When the rooster crows at the break of dawn
Look out your window and I’ll be gone…
From “Don’t Think Twice, It’s All Right” by Bob Dylan
Sexing chickens (determining whether they are male or female) is a difficult thing to do correctly when they are only day-old chicks. But that’s when it has to be done. Most people who are buying chicks from a hatchery want only females for a variety of reasons: They want chickens that are going to lay eggs; they don’t want to keep a rooster in a densely populated area; and roosters tend to be difficult to get along with.
This subject comes to mind because someone in my neighborhood has been hearing a rooster at 5:00 a.m. and asked me if I had one. It’s not me. I won’t keep one, not only out of deference to my neighbors, but I wouldn’t want to put up with the noise myself. Contrary to popular opinion, roosters don’t just crow at the break of dawn, they are liable to let go with a cocka-doodle-doo at any time of night or day. My girls make enough noise as it is.
When purchasing chicks from a hatchery, the buyer may ask for a mixed batch or a straight run of either pullets or cockerels. Pullet is the name for young hens (under one-year-old); cockerel is what they call young roosters. Hatcheries can only afford to keep chicks for one day. After that, they would have to feed them by the thousands. If you buy chicks from any place other than a hatchery, you stand a higher chance of getting a rooster. While hatcheries are pretty good at sexing, the folks who buy the chicks when they are two days old are not and usually don’t care. So if you by six chicks at a flea market, you stand a high probability of getting four roosters, no matter what the seller told you. But even hatcheries make mistakes. Once in awhile a cockerel slips through in a supposed straight run of pullets and the buyer is not likely to find out until he hears that first telltale crow, months later.
I was in denial the first time I suspected I had a rooster in my flock. I thought I heard something, but I wasn’t sure. They all looked the same. I was never able to catch anybody in the act. But wait, were those little nubs on the back of that one Rhode Island Red starting to grow into spurs? I finally had to admit it to myself when he started to come after me every time I went out to the chicken run. He was a crafty little bugger. He would sidle up to me, hoping I wouldn’t notice, and then try to attack my leg.
One precocious little Araucana started crowing at about four weeks of age. I couldn’t believe my ears; I had to see for myself. Again, it was hard to catch him in the act. But I spied on him till I finally caught him at it. He put his entire little body into it, stretching his neck as long as he could as he let go with a squeaky little cuck-ca-caw. Not only did it make me laugh, but it endeared me to the little guy. So I kept him around for as long as I could, hoping his crow would never get louder than that first squeaky little effort. I called him Scooter because of the way he half-ran, half-flew around chicken land as he chased the pullets. One day my next door neighbor asked me if I had a rooster. I promised him I would get rid of Scooter as soon as I could find a home for him. Fortunately, my friend Nick Ormes, who runs the Ranch Menagerie Animal Rescue, agreed to take him and he is living happily on a horse farm in Beavercreek, where he can crow to his heart’s content and has plenty of girlfriends.
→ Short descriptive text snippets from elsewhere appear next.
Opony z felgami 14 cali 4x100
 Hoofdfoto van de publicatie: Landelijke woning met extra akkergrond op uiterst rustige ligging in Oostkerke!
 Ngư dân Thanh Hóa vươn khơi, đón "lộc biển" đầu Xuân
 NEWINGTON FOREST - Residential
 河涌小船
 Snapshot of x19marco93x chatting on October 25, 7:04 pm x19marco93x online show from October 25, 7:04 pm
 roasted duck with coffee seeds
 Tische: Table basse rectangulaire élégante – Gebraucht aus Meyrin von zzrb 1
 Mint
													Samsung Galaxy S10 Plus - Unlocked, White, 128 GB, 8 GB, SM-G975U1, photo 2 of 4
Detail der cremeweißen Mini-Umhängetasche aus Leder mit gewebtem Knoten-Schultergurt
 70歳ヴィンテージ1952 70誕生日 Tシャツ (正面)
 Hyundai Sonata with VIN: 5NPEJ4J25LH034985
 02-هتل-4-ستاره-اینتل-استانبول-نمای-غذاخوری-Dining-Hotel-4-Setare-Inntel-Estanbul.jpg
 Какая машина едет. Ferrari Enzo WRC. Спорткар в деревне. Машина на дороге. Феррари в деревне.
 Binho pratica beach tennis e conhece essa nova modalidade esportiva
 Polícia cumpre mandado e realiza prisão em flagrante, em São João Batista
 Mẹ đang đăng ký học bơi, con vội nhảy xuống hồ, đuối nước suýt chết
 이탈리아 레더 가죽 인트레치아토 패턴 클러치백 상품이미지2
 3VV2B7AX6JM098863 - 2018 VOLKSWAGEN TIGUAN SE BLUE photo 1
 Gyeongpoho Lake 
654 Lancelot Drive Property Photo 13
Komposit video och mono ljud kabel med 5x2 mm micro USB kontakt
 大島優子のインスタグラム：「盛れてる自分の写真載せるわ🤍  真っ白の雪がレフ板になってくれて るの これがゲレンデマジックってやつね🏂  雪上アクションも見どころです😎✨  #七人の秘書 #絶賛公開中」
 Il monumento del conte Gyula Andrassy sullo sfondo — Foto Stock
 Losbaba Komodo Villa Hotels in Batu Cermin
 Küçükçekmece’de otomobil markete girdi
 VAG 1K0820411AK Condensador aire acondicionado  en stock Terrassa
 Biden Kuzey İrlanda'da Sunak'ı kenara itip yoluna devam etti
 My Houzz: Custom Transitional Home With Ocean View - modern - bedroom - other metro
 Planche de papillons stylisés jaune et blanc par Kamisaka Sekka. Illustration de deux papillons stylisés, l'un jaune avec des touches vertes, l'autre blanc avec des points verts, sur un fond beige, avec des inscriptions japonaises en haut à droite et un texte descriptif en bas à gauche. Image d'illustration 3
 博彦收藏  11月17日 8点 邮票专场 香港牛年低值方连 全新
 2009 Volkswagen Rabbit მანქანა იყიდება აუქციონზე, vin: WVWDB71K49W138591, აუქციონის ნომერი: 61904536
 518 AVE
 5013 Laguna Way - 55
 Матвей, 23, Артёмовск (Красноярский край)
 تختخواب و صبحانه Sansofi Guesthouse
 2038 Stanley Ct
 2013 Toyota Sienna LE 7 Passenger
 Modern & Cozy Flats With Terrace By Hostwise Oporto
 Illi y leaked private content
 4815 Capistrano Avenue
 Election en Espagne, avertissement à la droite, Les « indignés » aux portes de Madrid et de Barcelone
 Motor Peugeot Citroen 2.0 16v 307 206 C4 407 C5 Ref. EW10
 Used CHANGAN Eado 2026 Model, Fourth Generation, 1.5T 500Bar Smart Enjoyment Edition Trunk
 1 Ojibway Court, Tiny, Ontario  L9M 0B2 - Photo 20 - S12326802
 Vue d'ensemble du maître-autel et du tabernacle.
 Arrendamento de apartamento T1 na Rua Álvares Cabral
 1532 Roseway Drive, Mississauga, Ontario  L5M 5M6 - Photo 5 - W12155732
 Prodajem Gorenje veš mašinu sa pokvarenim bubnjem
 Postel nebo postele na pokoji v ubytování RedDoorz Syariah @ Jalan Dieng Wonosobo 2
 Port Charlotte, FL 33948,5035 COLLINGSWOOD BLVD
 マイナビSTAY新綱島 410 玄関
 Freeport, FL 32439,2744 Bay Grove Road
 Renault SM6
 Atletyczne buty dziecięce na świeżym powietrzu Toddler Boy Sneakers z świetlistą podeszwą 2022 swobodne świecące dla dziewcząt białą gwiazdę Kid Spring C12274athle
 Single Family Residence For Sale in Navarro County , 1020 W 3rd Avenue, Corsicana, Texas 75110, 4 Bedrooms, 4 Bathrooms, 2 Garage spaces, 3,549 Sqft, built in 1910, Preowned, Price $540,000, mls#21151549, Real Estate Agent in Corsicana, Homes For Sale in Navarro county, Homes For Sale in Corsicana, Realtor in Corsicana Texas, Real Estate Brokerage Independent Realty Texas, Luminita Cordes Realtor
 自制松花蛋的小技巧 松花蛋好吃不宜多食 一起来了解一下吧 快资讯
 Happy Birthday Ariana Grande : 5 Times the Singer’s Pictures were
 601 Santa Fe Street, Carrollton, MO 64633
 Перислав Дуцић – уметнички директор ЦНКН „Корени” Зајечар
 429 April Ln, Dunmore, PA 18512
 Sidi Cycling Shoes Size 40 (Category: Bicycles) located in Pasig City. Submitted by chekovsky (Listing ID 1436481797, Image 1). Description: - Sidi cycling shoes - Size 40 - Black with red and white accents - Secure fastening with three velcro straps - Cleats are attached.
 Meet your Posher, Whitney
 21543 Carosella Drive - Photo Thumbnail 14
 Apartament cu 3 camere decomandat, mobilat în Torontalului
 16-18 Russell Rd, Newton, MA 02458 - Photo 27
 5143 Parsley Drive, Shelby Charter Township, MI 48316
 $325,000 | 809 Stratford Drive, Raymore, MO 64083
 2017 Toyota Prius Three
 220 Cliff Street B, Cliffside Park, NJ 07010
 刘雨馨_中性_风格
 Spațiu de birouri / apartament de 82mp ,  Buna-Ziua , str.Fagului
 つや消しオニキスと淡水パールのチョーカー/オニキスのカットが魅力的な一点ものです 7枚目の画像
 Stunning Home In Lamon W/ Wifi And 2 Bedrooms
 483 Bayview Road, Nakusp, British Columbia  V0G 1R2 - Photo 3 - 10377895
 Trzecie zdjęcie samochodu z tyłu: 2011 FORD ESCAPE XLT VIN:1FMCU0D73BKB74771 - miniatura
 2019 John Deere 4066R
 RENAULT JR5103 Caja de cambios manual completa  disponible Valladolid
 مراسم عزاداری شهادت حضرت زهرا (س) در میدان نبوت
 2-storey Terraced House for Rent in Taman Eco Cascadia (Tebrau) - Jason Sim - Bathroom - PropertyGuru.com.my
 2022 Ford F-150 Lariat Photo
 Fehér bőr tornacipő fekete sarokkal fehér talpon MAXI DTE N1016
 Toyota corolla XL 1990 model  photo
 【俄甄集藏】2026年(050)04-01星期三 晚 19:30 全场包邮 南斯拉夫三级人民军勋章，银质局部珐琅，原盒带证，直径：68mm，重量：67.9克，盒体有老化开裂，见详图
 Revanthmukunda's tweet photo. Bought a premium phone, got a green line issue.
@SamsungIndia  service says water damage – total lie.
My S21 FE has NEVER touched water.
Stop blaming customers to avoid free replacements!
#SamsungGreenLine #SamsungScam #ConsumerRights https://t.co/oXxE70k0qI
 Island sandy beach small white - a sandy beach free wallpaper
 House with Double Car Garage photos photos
It’s tough getting rid of roosters. Ormes always has too many and that is the case with most animal shelters. Fortunately, he owed me a favor and I was able to cash in on it. In his rescue efforts he has seen too many cases where people have just abandoned unwanted roosters. They assume that if they leave them at some farmer’s gate, they will be taken in. But that is not usually the case. Frequently, they become prey to a hawk, raccoon or the farmer’s dog, before anyone even knows they are there. In that case it would actually be less cruel to make dinner out of them.
People who have been raised around roosters often tell me that they would like to have one around. I have actually had a couple different neighbors lament the fact that I won’t keep one. The trick, if you have a Henrietta that turns out to be a Henry, is to find one of these kindhearted folks that lives outside of town and take advantage of their poultry longings. You can always throw in a hen to sweeten the deal.